The sample preparation was carried out for each bacterial isolate for salicylic acid production assessment using HPLC analysis59. Each bacterial strain was seeded into a plastic tube containing King’s B Broth (20 ml) from a single colony on a TSA plate grown for 24 h at 28 °C. SA was extracted after 48 h from the stationary phase. At that time, bacterial cultures contain 1010–1011 cells. The liquid culture was centrifuged at 2800 g for 20 mins at 4 °C. The supernatant was acidified to pH = 2 with 1 N HCl. The solution was filtered through 0.22 µm nylon membrane, partitioned twice with 2 ml CHCl3, and dried under a nitrogen stream at 4 °C. These samples were subjected to HPLC, carried out on a WatersTM HPLC System where molecular-grade salicylic acid was used as a standard. Methanol in sodium acetate buffer was used as a mobile phase.

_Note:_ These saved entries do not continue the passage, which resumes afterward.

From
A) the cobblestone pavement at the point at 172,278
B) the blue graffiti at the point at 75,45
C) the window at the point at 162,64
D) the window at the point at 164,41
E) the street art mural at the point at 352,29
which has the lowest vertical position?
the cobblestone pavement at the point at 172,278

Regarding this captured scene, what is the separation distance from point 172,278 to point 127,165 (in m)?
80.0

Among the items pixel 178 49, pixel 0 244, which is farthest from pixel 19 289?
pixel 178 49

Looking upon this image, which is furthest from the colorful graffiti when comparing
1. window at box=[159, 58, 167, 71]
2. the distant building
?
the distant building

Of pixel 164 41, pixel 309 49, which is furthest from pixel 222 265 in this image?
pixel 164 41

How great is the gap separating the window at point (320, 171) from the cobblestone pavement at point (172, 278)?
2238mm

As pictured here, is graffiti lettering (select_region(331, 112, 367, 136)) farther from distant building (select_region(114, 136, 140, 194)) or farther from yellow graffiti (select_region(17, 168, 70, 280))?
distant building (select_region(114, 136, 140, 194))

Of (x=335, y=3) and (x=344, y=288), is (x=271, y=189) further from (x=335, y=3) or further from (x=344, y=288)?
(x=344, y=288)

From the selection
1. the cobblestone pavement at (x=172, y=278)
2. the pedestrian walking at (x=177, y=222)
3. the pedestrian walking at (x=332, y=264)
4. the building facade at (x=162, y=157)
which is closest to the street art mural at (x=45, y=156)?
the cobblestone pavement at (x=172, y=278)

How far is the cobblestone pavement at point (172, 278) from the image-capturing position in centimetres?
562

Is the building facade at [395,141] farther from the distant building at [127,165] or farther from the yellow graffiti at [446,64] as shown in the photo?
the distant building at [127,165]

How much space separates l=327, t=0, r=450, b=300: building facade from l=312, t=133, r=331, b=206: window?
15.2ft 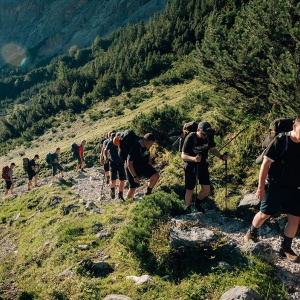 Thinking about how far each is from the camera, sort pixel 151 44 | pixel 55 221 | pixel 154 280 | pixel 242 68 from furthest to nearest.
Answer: pixel 151 44, pixel 55 221, pixel 242 68, pixel 154 280

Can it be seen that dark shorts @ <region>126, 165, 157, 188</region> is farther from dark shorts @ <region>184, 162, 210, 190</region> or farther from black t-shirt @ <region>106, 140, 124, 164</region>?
black t-shirt @ <region>106, 140, 124, 164</region>

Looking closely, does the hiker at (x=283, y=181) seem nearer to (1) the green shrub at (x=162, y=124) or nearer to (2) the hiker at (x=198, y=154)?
(2) the hiker at (x=198, y=154)

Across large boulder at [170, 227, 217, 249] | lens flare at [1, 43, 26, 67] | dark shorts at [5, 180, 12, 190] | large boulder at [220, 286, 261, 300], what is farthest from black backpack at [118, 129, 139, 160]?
lens flare at [1, 43, 26, 67]

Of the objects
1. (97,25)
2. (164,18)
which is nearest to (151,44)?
(164,18)

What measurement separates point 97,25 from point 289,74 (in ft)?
406

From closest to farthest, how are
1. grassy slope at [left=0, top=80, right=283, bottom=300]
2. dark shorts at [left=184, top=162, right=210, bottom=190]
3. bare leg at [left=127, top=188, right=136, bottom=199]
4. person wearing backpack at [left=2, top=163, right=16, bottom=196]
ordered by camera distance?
grassy slope at [left=0, top=80, right=283, bottom=300] → dark shorts at [left=184, top=162, right=210, bottom=190] → bare leg at [left=127, top=188, right=136, bottom=199] → person wearing backpack at [left=2, top=163, right=16, bottom=196]

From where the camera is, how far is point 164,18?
165 ft

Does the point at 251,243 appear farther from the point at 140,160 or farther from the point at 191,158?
the point at 140,160

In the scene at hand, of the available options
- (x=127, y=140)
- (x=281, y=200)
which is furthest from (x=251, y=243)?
(x=127, y=140)

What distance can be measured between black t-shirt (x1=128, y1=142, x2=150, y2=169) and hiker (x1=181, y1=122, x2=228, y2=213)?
133 cm

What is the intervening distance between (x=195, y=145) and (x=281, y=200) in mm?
2223

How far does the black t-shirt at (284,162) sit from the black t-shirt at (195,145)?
2046 millimetres

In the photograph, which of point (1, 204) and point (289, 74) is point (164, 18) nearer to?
point (1, 204)

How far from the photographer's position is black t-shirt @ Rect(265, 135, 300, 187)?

16S rRNA Identification of SA-producing bacterial strains

Bacterial colonies were directly used for amplification of the V3-V4 region using the primer pair listed in Supplementary Table 1. The bacterial colony was directly placed in the PCR mixture. The PCR profile used for amplification of V3-V4 region: 95 °C for 5 min, 35 cycles of 94 °C for 1 min, 55 °C for 1 min, 72 °C for 1min30sec and final extension of 72 °C for 10 min. Water was used as a negative control. PCR products were analyzed on 2% agarose gel.

Amplified PCR products of the salicylic-producing strains were sequenced using the commercial service of Sanger Sequencing at Macrogen (Seoul, Korea). The strains were identified using the V3-V4 sequence of the 16S rRNA gene using BLASTN search on DDBJ/NCBI servers.

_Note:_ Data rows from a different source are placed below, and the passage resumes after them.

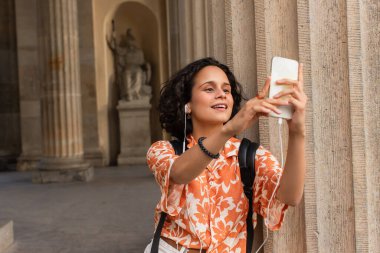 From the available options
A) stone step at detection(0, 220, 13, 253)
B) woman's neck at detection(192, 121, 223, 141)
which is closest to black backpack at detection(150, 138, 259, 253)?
woman's neck at detection(192, 121, 223, 141)

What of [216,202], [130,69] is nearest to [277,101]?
[216,202]

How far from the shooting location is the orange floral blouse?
1924 millimetres

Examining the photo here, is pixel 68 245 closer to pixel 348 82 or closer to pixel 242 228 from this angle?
pixel 242 228

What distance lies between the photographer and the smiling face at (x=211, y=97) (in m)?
2.00

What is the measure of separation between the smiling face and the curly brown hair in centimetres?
5

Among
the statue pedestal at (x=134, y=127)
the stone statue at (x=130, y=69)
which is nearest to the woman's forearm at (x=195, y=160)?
the statue pedestal at (x=134, y=127)

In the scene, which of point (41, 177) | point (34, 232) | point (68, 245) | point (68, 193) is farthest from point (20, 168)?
point (68, 245)

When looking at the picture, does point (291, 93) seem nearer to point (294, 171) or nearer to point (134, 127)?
point (294, 171)

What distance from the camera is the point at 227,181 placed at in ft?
6.52

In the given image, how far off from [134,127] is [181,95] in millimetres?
13117

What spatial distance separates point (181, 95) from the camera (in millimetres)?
2170

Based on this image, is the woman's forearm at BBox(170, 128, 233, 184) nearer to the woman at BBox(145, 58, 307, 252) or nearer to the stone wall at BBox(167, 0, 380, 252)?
the woman at BBox(145, 58, 307, 252)

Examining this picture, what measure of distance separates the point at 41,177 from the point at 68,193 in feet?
6.42

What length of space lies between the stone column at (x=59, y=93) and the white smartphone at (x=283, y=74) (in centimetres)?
976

CLCuD disease incidence assay

Determination of soil properties

Before the pot experiments, the soil used in the study was sent to PCSIR Laboratories, Pakistan, for soil texture and chemical analysis. The following parameters were determined: pH, EC (µScm-1), organic matter, N, P, K, C, Mg, Na, and Mn, with results in Supplementary Table 5. Autoclaved soil was used for pot experiments in the climate control room.

Pot experiment

The disease incidence assay was carried out at Forman Christian College (A Chartered University), Lahore, Pakistan. The three SA-producing candidate strains (R1, R2, R3) were selected for application to the CLCuD susceptible (PFV-2) and partially tolerant (PFV-1) Gossypium hirsutum varieties in monoassociation as well as a synthetic consortium. For each genotype, a seven-day-old seedling was inoculated with bacterial suspension/synthetic consortium at 1 ×108 cfu/g via soil drench application.

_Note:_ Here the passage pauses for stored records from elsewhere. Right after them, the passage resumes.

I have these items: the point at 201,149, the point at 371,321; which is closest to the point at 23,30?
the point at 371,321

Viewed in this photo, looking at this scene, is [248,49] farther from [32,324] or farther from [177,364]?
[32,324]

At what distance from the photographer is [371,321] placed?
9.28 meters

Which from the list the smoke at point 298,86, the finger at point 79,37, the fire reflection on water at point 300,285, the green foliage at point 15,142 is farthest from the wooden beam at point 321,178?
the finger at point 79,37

Exogenous SA (0.4 g/L) was applied as a foliar spray for the positive control group. The application was carried out in the climate control room. Plants were shifted to the greenhouse at 21 days post application (28 DAG) for viral inoculation. For each treatment group, a total of 30 replicates were taken. Data was collected for percentage disease and disease severity index calculation till 60 days post inoculation (DPI)60.

Disease index statistics

Disease index (DI) statistics were based on a scale of 0–6.0 (Supplementary Table 2). In the disease severity index, 6 is the highest disease score. The average percentage disease and disease severity index were calculated using the following formulae:

$${{{\mathrm{Percentage}}}}\,{{{\mathrm{disease}}}}\left( \% \right) = {{{\mathrm{Diseased}}}}\,{{{\mathrm{leaves/Total}}}}\,{{{\mathrm{leaves}}}} \times 100$$
(1)
$${{{\mathrm{Disease}}}}\,{{{\mathrm{Severity}}}}\,{{{\mathrm{index}}}}\left( {{{{\mathrm{DSI}}}}} \right) = {{{\mathrm{Average}}}}\,{{{\mathrm{Percentage}}}}\,{{{\mathrm{Disease/100}}}} \times {{{\mathrm{6}}}}$$
(2)

Statistical analysis

SPSS software was used for data analysis, and where Tukey’s HSD post hoc test was performed with a significance level (p < 0.05).